熟年の文化徒然雑記帳

徒然なるままに、クラシックや歌舞伎・文楽鑑賞、海外生活と旅、読書、生活随想、経済、経営、政治等々万の随想を書こうと思う。

国立能楽堂・・・能「自然居士」狂言「磁石」

2016年07月24日 | 能・狂言
   今回の「能のふるさと・近江」シリーズは、能・狂言とも、面白いことに、人商人、人さらいの話である。

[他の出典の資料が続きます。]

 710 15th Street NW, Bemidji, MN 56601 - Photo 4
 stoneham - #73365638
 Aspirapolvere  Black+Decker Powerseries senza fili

   狂言の「磁石」は、ストーリーからは想像も出来ない様なタイトルで、奇想天外な発想も良いところで、これも、狂言の面白さであろうか。
   すっぱ(茂山七五三)が、見付の者(茂山千三郎・遠江からの旅人)を騙して坂本の宿に誘い入れ、宿の主人(松本薫)に売りつけるのだが、その話を聞いていた見付の者が、先をこして、すっぱを語って長目(穴の開いた銭)200疋をせしめて遁走し、騙されたと気付いたすっぱが後を追いかける。
   途中で寝込んでいる見付の者を見つけたすっぱが、刀で切りつけようとするのを、見付の者は、自分は「磁石の精」だと言って太刀を飲み込もうとし、すっぱが太刀を鞘に収めると気を失って倒れ伏す。
 死んだと勘違いして慌てたすっぱは、太刀を供え神妙に呪文を唱えて蘇生を祈っていると、見付の者は急に起き上がって奪った太刀を振り上げ、すっぱを脅しあげて逃げて行く。
   七五三も千三郎も、先代人間国宝の千作の次男三男で、京都お豆腐狂言 茂山千五郎家の重鎮、とにかく、流石に上手い。

   歌舞伎「毛抜」にも取り上げられているが、磁石は、余程不思議で面白かったのか、他愛もない話だが、それよりも、大の男がかどわかされて売り飛ばされると言う世相が面白い。
   本来、悪賢い筈のすっぱが、この狂言では、少し抜けていて、田舎者の方が、知恵があって賢しいところが、逆転の発想でよい。
   
   一方の能の「自然居士」は、子供を買う人商人の話で、身を売って得た小袖を供養して、亡き両親を追善する少女の話である。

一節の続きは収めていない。